However, real estate isn’t free of its drawbacks; home prices and rents have inflated at a faster rate than wages, creating an affordability crisis and economic inequality. Real Estate is an illiquid asset, and the 2008 housing crisis proved that even real estate investments are not free of volatility. Despite the 2008 housing market crash, which seems like a nightmare that’s only just released its hold on Americans, Real Estate is the single largest asset class in the U.S., with its worth estimated to be over $50 trillion! In essence, real estate value is more than double the size of the U.S. stock market!

These numbers represent what real estate is to the U.S. economy and personal wealth. If these numbers are making you lean towards real estate investments, you’d have to glance over a few real estate terms and definitions that are crucial to being an Investor in the sector.

It’s worth mentioning that real estate accounting and taxation are some of the most complex requirements that need a professional touch. Profitjets is renowned for its proficiency in real estate accounting and can undertake your comprehensive bookkeeping and accounting needs for the best Industry prices.

Table of Contents

Real Estate Investment Terms

1. Appreciation:

The increase in the value of a property over time, driven by factors like inflation, property improvement, or an increase in demand. For example, a property purchased at $5000 in 2020 is currently valued at $5500; the property has appreciated by $500.

    2.  Cap Rate (Capitalization Rate):  

    A measure used to calculate the return on investment without factoring in debt. It’s used to compare investment properties. A higher Cap Rate indicates higher return and risk.

    Formula: Cap Rate = Net Operating Income ÷ Value of the Property

    3.  Cash Flow:

    The cash earned from a rental property after deducting all expenses. Positive cash flow indicates an operating income in excess of costs, i.e., operationally profitable.

    Formula: Cash Flow = Rental Income – Operating Expenses – Debt Service

    4.  Debt Service:

    The total debt payments on outstanding debt due for a period (monthly or annually). It includes both the principal and interest elements. It’s used to calculate the cost of debt financing and to calculate the Debt Service Coverage Ratio (DSCR)

    Real Estate Terms

    5.  Equity:

    Value represents the owner’s stake in a property. It is calculated by subtracting the mortgage due from the property’s market value. The owner’s stake increases in value as the market price appreciates, and the mortgage portion reduces with time.

    6.  Foreclosure:

    Failed debt servicing (mortgage payments) leads to the lender legally seizing ownership of the property. The lender typically sells the property to earn the remainder of the debt payment. This could occur due to financial hardships or recessions.
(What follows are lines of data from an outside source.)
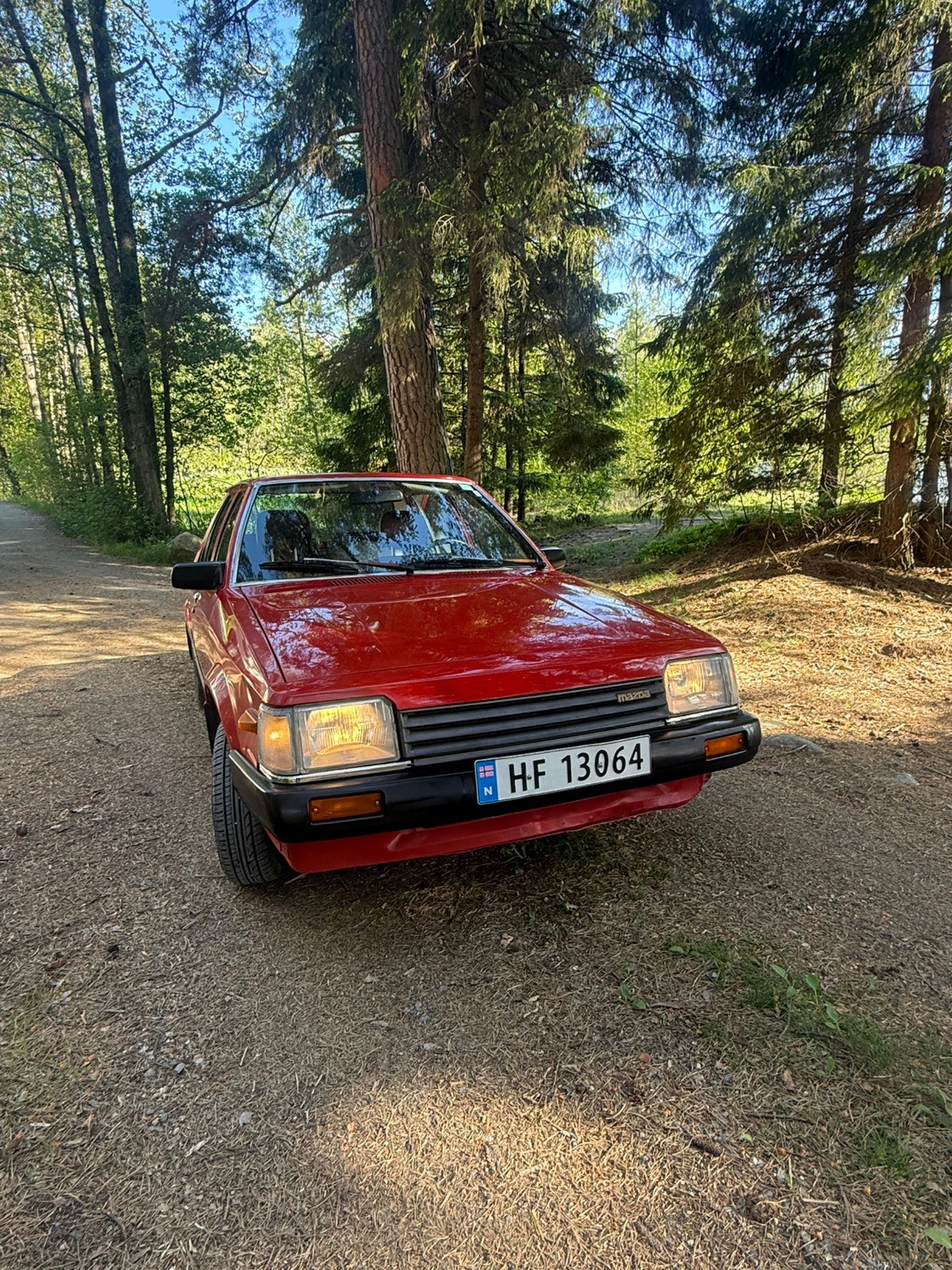 Brukt Mazda 323 1.5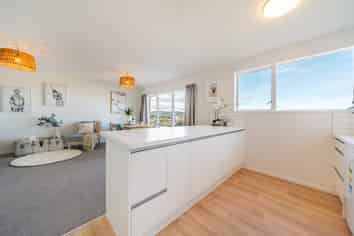 22b Acacia Avenue, Maungaraki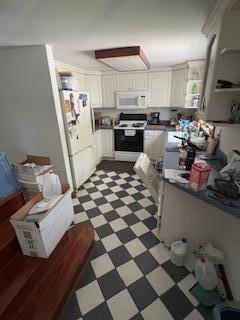 Property Photo: 2287 Chipperfield Drive PA 18360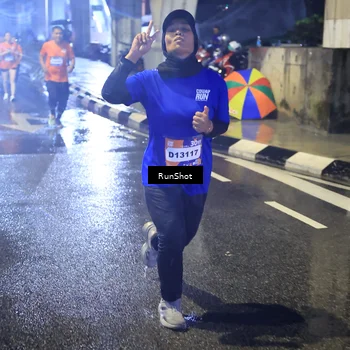 Runner Photo 7923997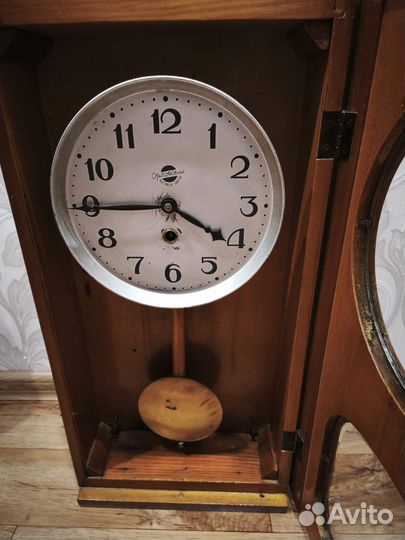 Часы настенные СССР Орловский часовой завод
    7.  Homeowners Association (HOA):

    A smaller community within a community of homeowners (such as an apartment complex or a group of condominiums) that regulates the rules of using the shared space and oversees maintenance activities, like landscaping. Homeowners are typically expected to pay a monthly or annual fee.  

    8.  Leverage:

    Financing a property through debt enables investors to purchase more with less of their funds. It boosts potential earnings but comes with the risk of losses.

    9.  Property Management:

    A professional service you can hire to manage the day operations of a property. It includes several tasks like screening for potential tenants, rent collection, taking care of maintenance, etc. It is suitable for property owners who don’t reside in the area or owners who have several properties.

    10.   Return on Investment:

    A measure of profitability. It is obtained by dividing the net profit by the investment value (the total purchase price) and representing it as a percentage. It helps investors make property comparisons and informed decisions.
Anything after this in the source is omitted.